Par ailleurs, la mobilisation d’hier s’est , d’évidence, nourrie de colères qui n’ont rien à voir avec la future réforme. Car à la moitié du quinquennat, les opposants d’Emmanuel Macron – politiques, syndicaux, associatifs ou Gilets jaunes – ont saisi l’occasion de ce «jeudi noir» pour dire leur rejet de réformes libérales menées jusqu’ici tambour battant par un Emmanuel Macron qui a souvent cru pouvoir se passer des corps intermédiaires. La retraite constitue ainsi le catalyseur de colères qui grondent dans plusieurs secteurs : urgences puis hôpitaux, étudiants, policiers, sapeurs-pompiers, enseignants, agriculteurs, avocats, etc. Ce climat social éruptif, cette perte de confiance entre les citoyens et le gouvernement est évidemment le plus mauvais des contextes pour mettre en œuvre une réforme des retraites d’une aussi grande ampleur.

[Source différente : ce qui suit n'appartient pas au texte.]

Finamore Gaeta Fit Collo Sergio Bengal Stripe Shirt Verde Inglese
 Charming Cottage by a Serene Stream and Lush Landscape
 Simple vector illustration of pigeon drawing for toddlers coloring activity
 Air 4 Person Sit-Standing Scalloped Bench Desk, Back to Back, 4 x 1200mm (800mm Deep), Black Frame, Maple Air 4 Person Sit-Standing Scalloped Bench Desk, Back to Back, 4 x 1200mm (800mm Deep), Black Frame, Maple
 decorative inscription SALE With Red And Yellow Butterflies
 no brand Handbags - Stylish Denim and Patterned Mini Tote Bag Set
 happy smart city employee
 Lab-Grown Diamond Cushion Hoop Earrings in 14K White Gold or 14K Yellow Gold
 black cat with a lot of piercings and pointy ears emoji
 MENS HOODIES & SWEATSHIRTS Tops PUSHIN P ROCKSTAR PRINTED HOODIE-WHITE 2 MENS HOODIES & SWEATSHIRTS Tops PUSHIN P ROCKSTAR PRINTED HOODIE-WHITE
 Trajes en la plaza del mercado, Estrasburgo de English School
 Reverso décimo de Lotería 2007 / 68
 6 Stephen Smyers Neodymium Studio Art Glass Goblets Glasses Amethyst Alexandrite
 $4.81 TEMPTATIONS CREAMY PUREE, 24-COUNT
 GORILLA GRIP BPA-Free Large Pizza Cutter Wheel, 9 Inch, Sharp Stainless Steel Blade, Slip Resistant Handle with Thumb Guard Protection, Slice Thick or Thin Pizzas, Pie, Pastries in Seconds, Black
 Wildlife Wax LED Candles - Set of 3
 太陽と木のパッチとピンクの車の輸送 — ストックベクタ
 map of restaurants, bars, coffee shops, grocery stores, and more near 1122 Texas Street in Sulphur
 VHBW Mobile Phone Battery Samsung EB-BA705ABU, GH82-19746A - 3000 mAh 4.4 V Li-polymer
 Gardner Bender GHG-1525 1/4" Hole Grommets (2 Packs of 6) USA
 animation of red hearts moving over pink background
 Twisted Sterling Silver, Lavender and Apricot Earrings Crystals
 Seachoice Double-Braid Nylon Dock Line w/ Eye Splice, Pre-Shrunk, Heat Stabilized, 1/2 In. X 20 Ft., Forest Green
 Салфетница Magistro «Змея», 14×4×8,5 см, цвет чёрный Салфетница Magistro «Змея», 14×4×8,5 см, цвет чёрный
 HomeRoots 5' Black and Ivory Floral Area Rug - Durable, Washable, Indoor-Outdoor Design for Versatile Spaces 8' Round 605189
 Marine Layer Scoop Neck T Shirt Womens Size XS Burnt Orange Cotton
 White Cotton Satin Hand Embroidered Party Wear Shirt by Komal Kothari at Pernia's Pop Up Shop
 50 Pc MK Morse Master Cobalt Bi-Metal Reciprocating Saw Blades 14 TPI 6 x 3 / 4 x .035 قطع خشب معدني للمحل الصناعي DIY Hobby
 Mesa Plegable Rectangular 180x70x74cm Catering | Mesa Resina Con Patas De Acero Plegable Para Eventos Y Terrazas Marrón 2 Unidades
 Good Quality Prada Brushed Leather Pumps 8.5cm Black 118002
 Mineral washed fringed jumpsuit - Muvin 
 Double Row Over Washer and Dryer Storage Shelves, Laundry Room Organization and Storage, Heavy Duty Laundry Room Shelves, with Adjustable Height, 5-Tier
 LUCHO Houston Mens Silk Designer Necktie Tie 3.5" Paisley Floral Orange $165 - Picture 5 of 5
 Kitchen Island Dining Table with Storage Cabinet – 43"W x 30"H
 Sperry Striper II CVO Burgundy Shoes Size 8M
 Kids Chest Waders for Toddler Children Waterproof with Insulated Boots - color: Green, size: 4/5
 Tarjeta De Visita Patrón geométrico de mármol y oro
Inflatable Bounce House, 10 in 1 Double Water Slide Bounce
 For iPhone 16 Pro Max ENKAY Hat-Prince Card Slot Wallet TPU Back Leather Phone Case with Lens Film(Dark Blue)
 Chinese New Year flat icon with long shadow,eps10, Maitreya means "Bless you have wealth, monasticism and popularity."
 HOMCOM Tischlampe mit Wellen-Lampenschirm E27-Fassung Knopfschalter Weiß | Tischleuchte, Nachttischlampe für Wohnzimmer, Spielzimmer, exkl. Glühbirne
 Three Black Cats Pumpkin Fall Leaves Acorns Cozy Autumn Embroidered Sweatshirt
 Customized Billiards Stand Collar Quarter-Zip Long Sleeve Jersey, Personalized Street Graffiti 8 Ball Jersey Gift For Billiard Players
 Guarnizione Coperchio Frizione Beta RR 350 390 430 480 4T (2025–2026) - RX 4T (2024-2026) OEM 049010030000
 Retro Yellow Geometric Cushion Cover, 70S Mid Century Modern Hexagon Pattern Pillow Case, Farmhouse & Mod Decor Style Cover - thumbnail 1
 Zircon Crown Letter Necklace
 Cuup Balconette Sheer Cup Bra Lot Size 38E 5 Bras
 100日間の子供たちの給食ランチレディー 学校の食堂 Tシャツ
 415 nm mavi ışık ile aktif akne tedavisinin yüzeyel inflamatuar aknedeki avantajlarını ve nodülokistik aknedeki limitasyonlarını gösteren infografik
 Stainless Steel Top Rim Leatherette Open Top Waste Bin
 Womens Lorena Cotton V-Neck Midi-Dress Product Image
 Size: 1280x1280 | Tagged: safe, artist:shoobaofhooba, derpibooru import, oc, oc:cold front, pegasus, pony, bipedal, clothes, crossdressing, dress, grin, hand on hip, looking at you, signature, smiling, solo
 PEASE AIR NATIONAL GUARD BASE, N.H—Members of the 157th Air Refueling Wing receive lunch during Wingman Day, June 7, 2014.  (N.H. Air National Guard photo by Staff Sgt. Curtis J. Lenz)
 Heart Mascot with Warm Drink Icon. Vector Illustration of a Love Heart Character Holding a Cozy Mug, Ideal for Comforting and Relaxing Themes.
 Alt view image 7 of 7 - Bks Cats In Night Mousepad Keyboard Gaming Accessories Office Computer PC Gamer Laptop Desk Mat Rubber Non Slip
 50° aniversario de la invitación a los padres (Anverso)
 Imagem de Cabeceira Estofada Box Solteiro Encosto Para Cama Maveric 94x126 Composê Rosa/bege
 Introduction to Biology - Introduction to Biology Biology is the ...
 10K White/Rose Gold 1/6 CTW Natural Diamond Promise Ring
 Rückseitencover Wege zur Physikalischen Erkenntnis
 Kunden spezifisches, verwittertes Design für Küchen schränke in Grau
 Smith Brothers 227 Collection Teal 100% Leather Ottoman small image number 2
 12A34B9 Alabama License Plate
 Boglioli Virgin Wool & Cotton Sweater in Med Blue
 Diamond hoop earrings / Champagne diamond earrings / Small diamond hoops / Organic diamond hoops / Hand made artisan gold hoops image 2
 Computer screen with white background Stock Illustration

Il devient dès lors urgent de retrouver le sens du compromis, du consensus, de l’écoute, de la co-construction.
Pour les syndicats revigorés, il s’agit d’admettre que le statu quo est tôt ou tard contreproductif, que notre système de retraite, à force de rafistolages à chaque réforme, pourrait être plus efficace, plus juste et même plus généreux si on s’inspirait de ce qui existe dans certains autres pays européens...
Pour le gouvernement et Emmanuel Macron au premierchef, qui ont reçu hier un coup de semonce, cela suppose un exercice d’humilité auquel ils sont peu coutumiers. Regarder la réalité en face, en finir avec les éléments de langage qui sonnent creux et les couacs de communication, sortir enfin de l’ambiguïté pour afficher clairement les lignes d’une réforme qui suscite de l’anxiété, apporter des garanties suffisantes aux fonctionnaires ou sur la fixation de la valeur du point. Bref, ouvrir de vraies négociations plutôt que des consultations sans fin.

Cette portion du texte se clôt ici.